A firefighter originally from Clifton Park is being hailed as a hero after he performed a high-rise rescue in Yonkers on Friday afternoon.
Yonkers Fire Department firefighter Michael Giroux, a Shenendehowa High School graduate in 1988, rappelled from the roof of a 20-plus-story building to save two workers hanging over 100 feet in the air on safety ropes after the scaffolding they were working from collapsed.
Giroux secured the first man to a line, then rappelled with him to the street, where he was taken off in an ambulance. The second man was taken down in similar fashion, but he first had to be freed from the remnants of the scaffold and the various ropes and belts entangling him.
The event unfolded as breaking news on television in the five boroughs of New York and the surrounding suburbs, according to Anne Giroux, Michael’s mother, who learned of the harrowing feat from relatives downstate.
“It was a little scary to see as a mom,” said Anne, Saturday afternoon from her home. She still lives in Clifton Park with her husband and Michael’s father, Richard.
Anne said that her son, who was an alternate for the Olympic Bobsled team in 1988 and played football at the University of Albany, has always been very confident, is a team player and is very humble. She said that when she talked to her son after the incident he told her, “It was just my job, mom.”
In the aftermath of the rescue, Giroux praised his colleagues on the roof who kept him secure and said he was well-prepared because of his training.
With 10 years on the job as a firefighter, according to his mother, her son previously worked as a physiologist in New York City. When asked whether she expected her son’s heroic actions, Anne said, “It’s not a surprise.”
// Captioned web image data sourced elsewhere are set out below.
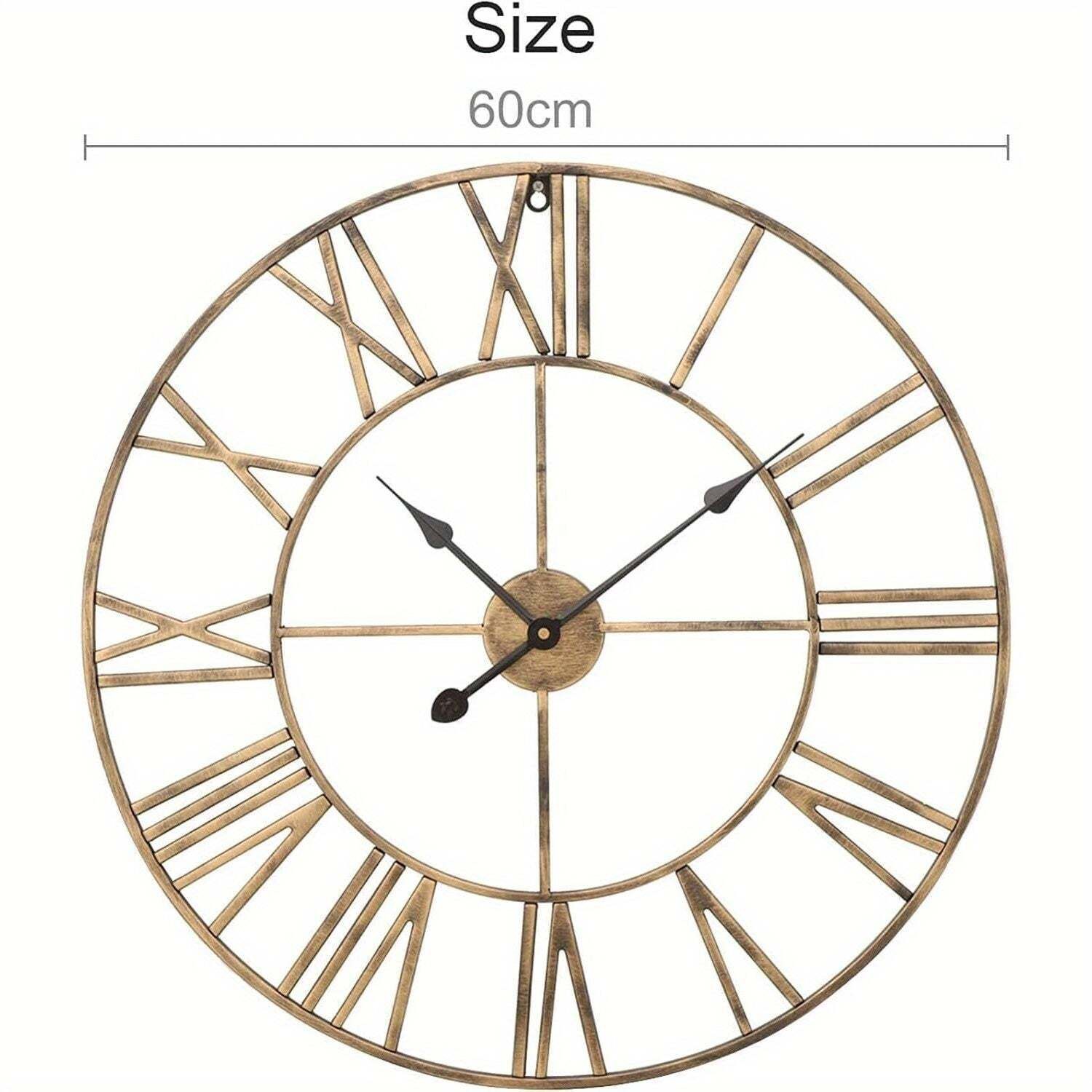 Vintage Metal Wall Clock Silent Roman Numerals photo for sale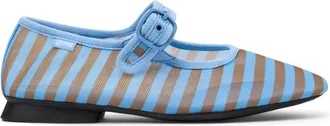 Camper Casi Myra Striped Buckle Ballet Flats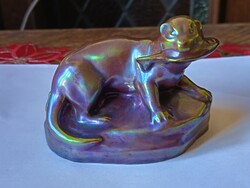 Zsolnay Antique Eosin Otter Figurine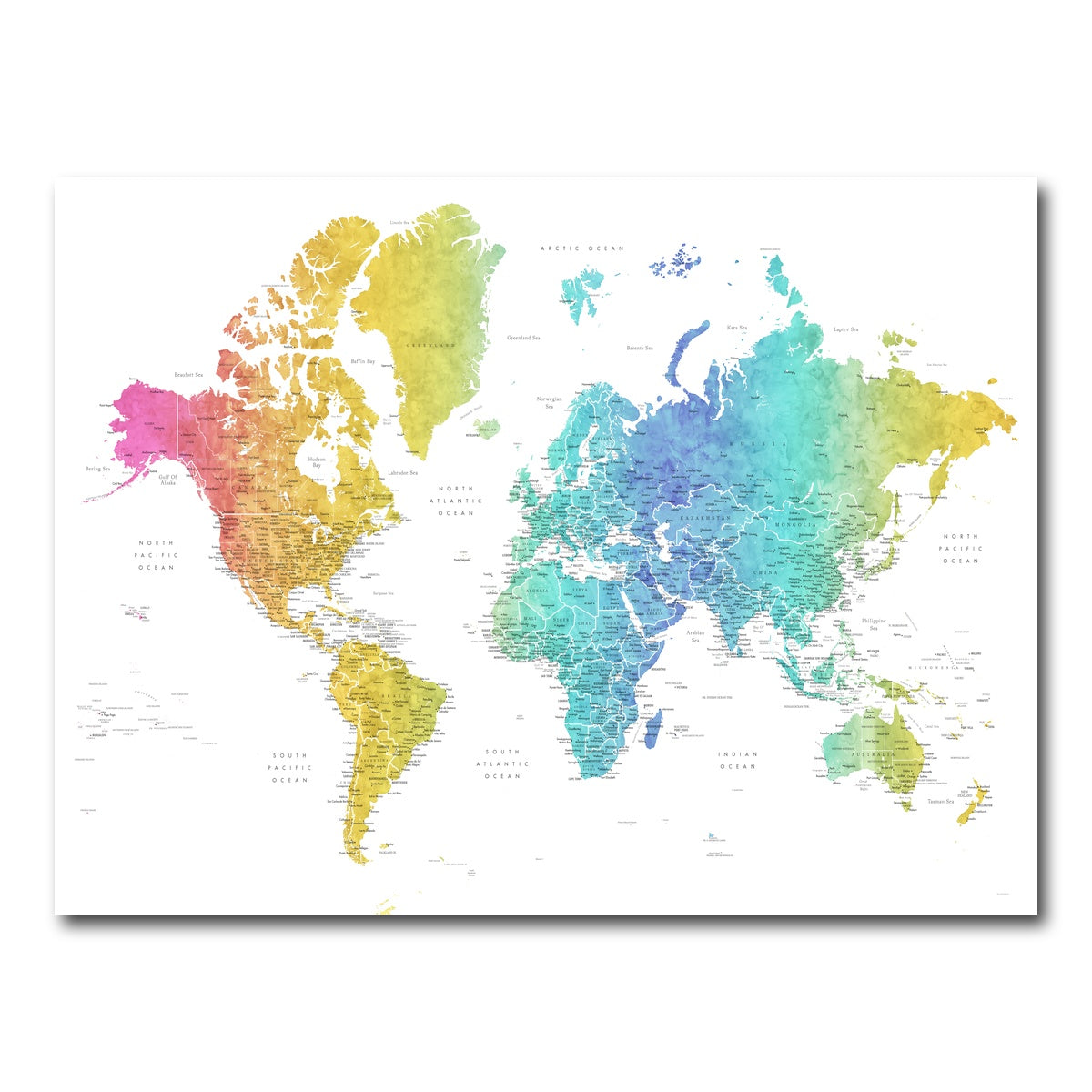 AUTO-MOCKUP WHITE | World Map 25 | 1 Piece | Gallery Wrap Canvas | group=4x3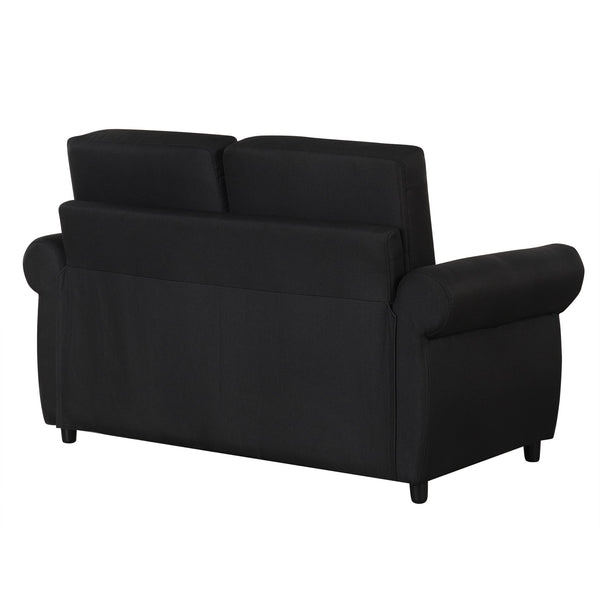 English Elm 57.9" Orisfur Pull Out Sofa Bed Loveseat Sleeper with Twin Memory Mattress, Linen Upholstery, USB Ports Black N719P210624B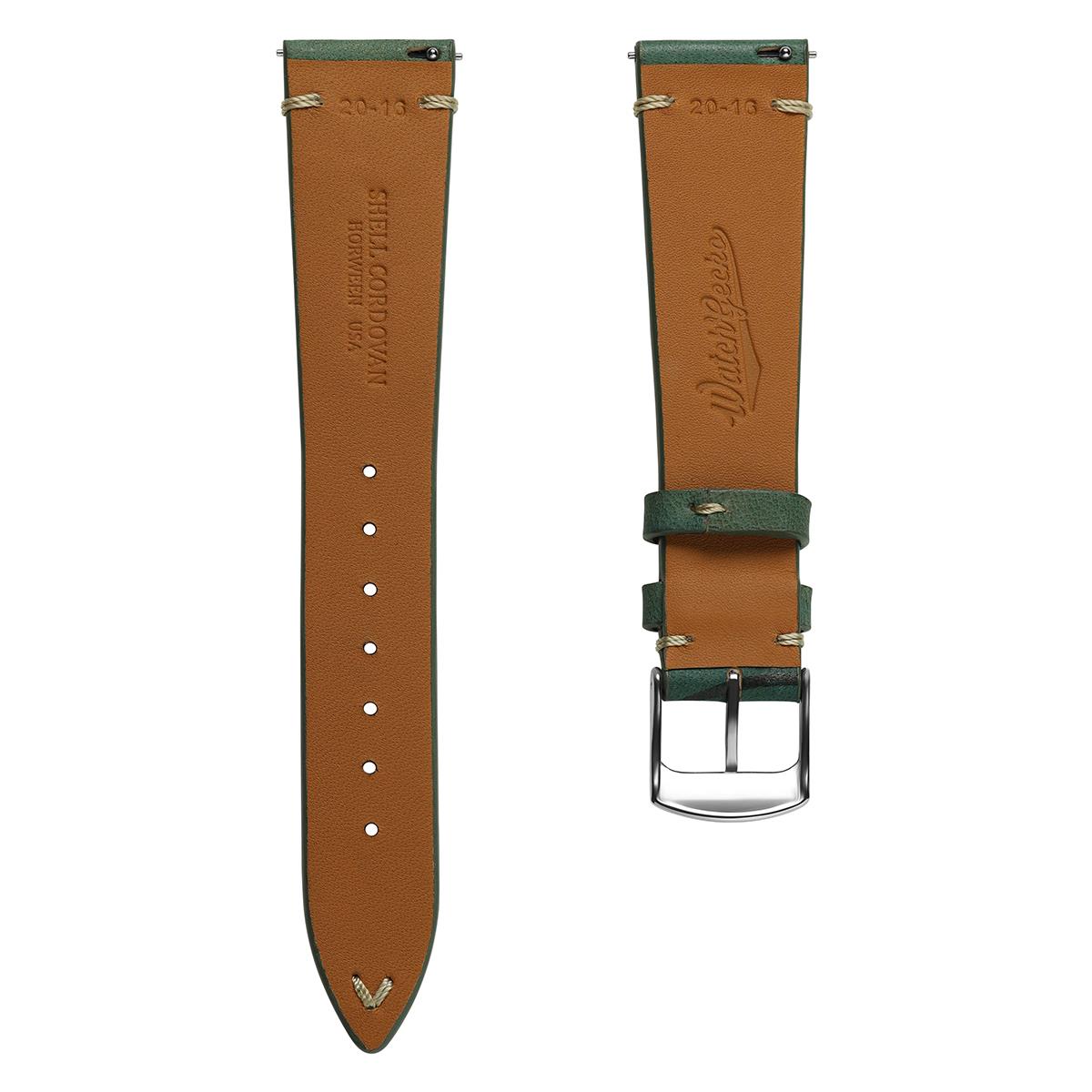 Newham Inverted Horween Shell Cordovan Watch Strap Hunter Green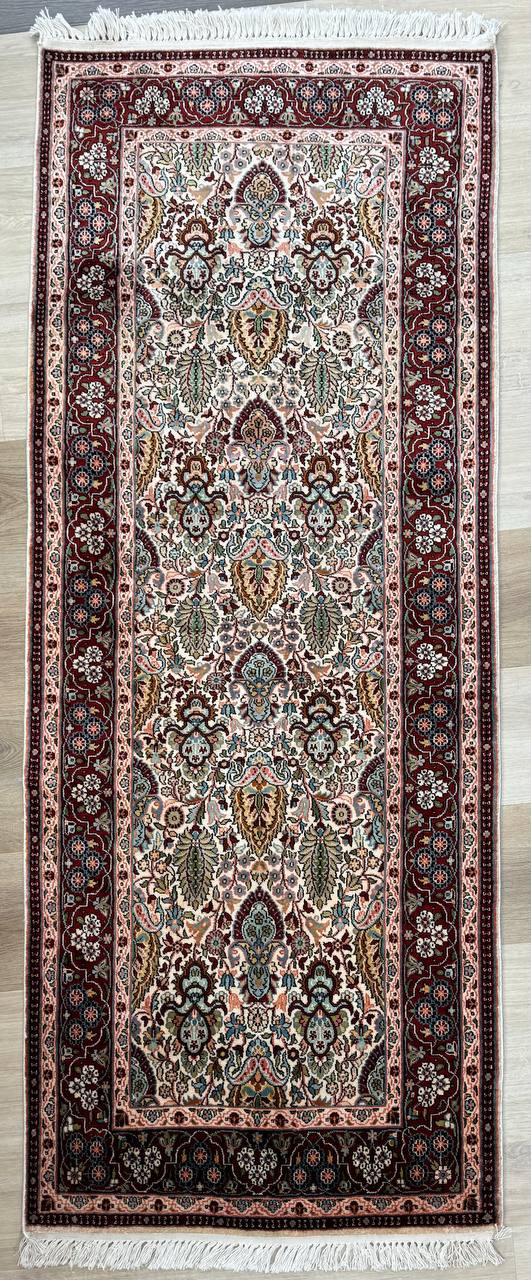 Kashmir Garden Runner Handmade Rug Silk & Silk Beige & Red 198X79 ...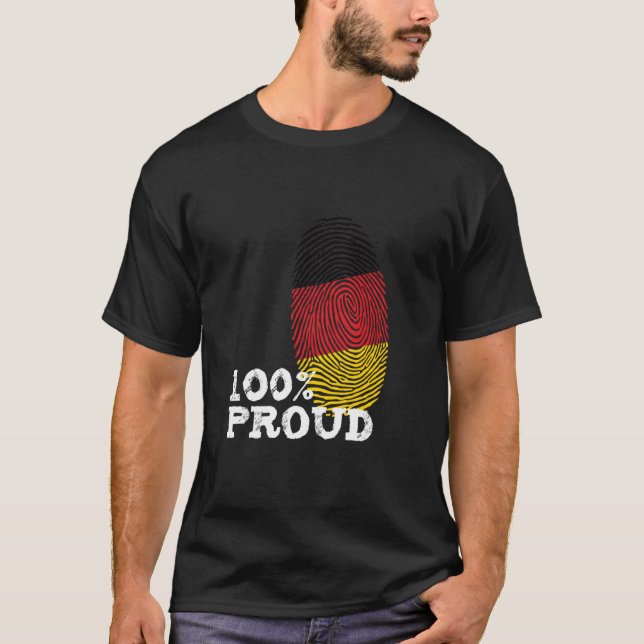 100 Proud Germany fingerprint flag for Proud Germa T-Shirt (Front)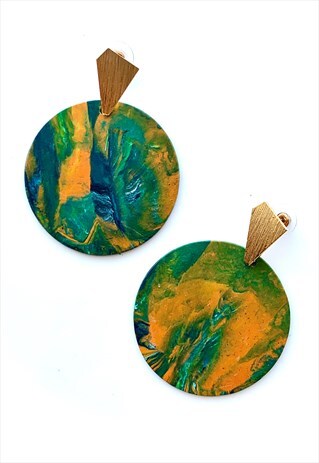 ORANGE AND GREEN SUMMER ROUND STUD EARRINGS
Yonkers Fire Commissioner Anthony Pagano said there were no serious injuries relating to the incident and noted that the men had been secure enough to give the department time to plan a rescue. Previous efforts to reach the stranded men with a ladder from a fire truck on the scene were unsuccessful because it was about 10 feet too short, which prompted Giroux’s maneuver.
Pagano praised Giroux, but added, “It was a team effort, and we will honor them all.”